The first half of 2019 will mark the launch of a milestone project on solar district heating in Eastern Europe. The public utility which serves the Latvian town of Salaspils, near Riga, plans to install 21,672 m2 of collector area (15 MWth) to provide heat for its modernised, efficient district heating network.
The solar field will be connected to an 8,000 m3 water storage tank, from which thermal energy will be injected into the network. The project, which will also include a wood-chip boiler with 3 MWth of capacity, had been planned jointly by Arcon-Sunmark, a Danish supplier of solar thermal devices, and Filter, a heating and cooling company based in Latvia. Salaspils Siltums provides 85 % of the town with a population of about 17,000 people with district heat. A 7 MWth wood-chip boiler is currently the main source of 60,000 MWh of thermal energy a year. The plans for the 15 MWth solar system state that it is expected to contribute 12,000 MWh or 20 % of the total at some point between July and September next year. Reportedly, the utility will receive funding from the European Union for buying the system.

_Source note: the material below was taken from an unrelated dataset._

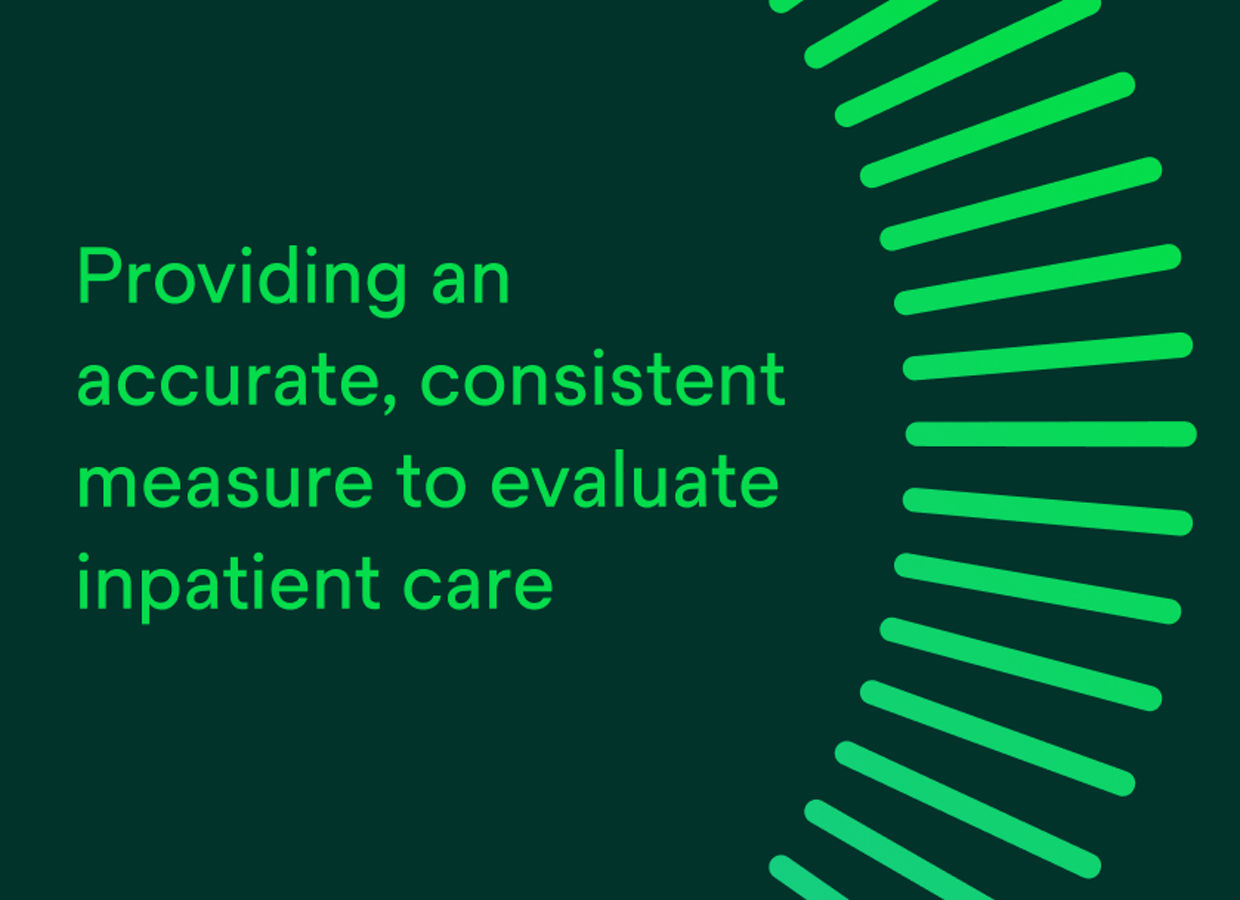Providing an accurate, consistent measure to evaluate inpatient care.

“We have been working on this project since we attended a district heating conference in Denmark in 2014. The objective is to reduce our CO2 footprint and become more independent of fossil fuels,” Ina Berzina-Veita, who is a Member of the Board of municipal utility Salaspils Siltums, was quoted as saying in a press release which Arcon-Sunmark sent out in the middle of October.
Over the last years, the utility has optimised its district heating network. It replaced underground pipes with pre-insulated ones and revamped the central boiler. The current supply and return temperatures of 65 °C and 45 °C, respectively, will make for a highly efficient flat plate collector array, the operation of which will be very effective.